Delete File in a Directory Using a Condition

shekhar2010us · September 3, 2013, 3:19pm

Hello,

I have a directory with many files whose creation time is distributed all over the day.

I need ANY 20 files per hour. So, I need
20 files for hour 00
20 files for hour 01
...
20 files for hour 23

What I have done so far is not great. Here is the code:

# get the Month
a=`echo $(date) | awk -F" " '{print $2}'`
# get the date
b=`echo $(date) | awk -F" " '{print $3}'`
c="$a  $b"

# loop over hours and minutes to generate all possible combination
for (( hh=01; hh<=23; hh++ ))
do
  for (( mm=01; mm<=59; mm++ ))
  do
    if [ "${#hh}" == 1 ]; then
      h=0$hh
    else
      h=$hh
    fi
    if [ "${#mm}" == 1 ]; then
      m=0$mm
    else
      m=$mm
    fi
    # this is the final pattern for which I need files
    pattern=" $c $h:$m"
    echo $pattern
  done
done

Still this is incomplete. What I want to do next is that: inside the loop, grep with the pattern and delete one but all..... So, I have 1 file per minute.
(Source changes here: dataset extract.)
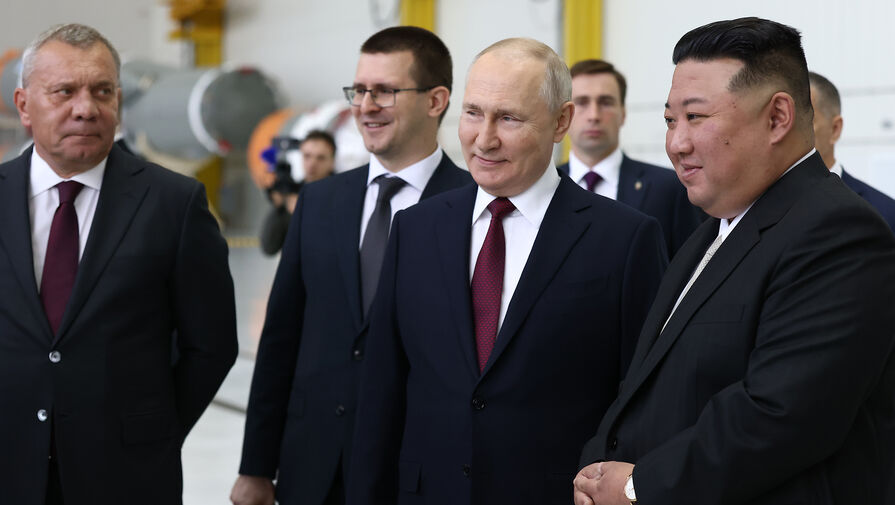 Ким Чен Ын пригласил Путина посетить Северную Корею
I hope that there is a much better way to do this. I just need any 'x' number of files per hour.

Thanks

ahamed101 · September 3, 2013, 3:28pm

Didn't quite get your requirement.
You need 1 file per minute, yet you said you select 20 files per hour :rolleyes: and what is this pattern?

--ahamed

shekhar2010us · September 3, 2013, 3:57pm

I need 20 files per hour. But the code I have written is for 60 files per hour.
That's why I told this is not the best solution.

My requirement is:
From a directory having files created at different times, I need 20 files created in the same hour, for every hour.

ahamed101 · September 3, 2013, 4:02pm

So, you need only 20 files per hour for every hour and want to delete the remaining files in the directory?

--ahamed

Don_Cragun · September 3, 2013, 4:21pm

I agree with ahamed101; your requirements are not clear.

Do you want a list of 20 files/per hour from the current working directory for the current date?

Do you want to delete all but 20 files for each hour from the current working directory for today's date? If so, do you care which 20 files are kept?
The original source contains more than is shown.